■ **WHAT IS REQUIRED**: Please retype, character for character, the portion of the entries below that runs from the line containing "2022-23 Upper Deck" to the last line.

■ **DATASET RECORDS**:
-- Opening Marker --
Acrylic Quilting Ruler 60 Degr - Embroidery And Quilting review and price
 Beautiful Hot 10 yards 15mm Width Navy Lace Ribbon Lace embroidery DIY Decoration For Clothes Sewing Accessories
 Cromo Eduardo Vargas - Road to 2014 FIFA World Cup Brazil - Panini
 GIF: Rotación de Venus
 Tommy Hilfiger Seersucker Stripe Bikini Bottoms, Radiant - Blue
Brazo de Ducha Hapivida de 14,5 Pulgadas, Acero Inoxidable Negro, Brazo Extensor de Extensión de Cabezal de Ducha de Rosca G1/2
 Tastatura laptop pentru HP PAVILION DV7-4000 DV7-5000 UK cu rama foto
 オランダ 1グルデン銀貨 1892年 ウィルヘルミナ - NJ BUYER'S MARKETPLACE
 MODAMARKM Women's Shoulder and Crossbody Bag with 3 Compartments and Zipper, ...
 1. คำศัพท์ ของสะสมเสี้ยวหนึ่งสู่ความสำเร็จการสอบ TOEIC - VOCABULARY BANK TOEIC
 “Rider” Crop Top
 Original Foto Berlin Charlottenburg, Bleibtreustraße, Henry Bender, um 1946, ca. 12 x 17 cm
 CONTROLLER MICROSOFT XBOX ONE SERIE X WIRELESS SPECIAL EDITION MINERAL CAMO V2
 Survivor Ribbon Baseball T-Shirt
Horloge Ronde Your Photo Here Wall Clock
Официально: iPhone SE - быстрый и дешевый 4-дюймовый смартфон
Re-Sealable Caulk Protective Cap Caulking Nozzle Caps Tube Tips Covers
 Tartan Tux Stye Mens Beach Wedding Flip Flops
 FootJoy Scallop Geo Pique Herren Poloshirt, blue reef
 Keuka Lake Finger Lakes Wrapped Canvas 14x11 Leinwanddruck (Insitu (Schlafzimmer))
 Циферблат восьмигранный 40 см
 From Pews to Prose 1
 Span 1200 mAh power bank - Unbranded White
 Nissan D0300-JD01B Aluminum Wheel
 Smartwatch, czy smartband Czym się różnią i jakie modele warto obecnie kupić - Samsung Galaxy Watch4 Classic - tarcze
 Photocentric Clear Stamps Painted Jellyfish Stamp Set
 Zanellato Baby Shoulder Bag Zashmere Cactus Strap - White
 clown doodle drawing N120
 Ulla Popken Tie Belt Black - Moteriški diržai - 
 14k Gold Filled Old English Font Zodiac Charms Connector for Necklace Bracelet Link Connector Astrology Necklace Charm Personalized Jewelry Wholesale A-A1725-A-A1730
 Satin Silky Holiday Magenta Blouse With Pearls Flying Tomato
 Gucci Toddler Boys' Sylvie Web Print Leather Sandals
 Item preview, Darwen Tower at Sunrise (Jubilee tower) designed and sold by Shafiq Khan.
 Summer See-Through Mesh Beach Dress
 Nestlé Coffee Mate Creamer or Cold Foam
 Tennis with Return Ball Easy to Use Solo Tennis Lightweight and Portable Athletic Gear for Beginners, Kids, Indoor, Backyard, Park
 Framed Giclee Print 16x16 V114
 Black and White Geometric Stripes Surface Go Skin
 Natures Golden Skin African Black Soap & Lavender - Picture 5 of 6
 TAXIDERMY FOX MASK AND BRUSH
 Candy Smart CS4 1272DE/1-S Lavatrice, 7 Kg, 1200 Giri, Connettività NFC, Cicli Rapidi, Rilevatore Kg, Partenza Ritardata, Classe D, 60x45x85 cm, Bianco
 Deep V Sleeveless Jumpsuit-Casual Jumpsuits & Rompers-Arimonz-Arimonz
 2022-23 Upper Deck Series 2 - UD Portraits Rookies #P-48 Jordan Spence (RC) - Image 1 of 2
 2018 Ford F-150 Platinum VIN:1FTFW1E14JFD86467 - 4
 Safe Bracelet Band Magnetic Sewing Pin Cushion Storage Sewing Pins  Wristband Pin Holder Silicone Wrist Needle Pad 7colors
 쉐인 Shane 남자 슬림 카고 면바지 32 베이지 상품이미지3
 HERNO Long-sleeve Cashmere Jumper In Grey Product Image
-- Closing Marker --
■ **EXERCISE SOLUTION**:
 2022-23 Upper Deck Series 2 - UD Portraits Rookies #P-48 Jordan Spence (RC) - Image 1 of 2
 2018 Ford F-150 Platinum VIN:1FTFW1E14JFD86467 - 4
 Safe Bracelet Band Magnetic Sewing Pin Cushion Storage Sewing Pins  Wristband Pin Holder Silicone Wrist Needle Pad 7colors
 쉐인 Shane 남자 슬림 카고 면바지 32 베이지 상품이미지3
 HERNO Long-sleeve Cashmere Jumper In Grey Product Image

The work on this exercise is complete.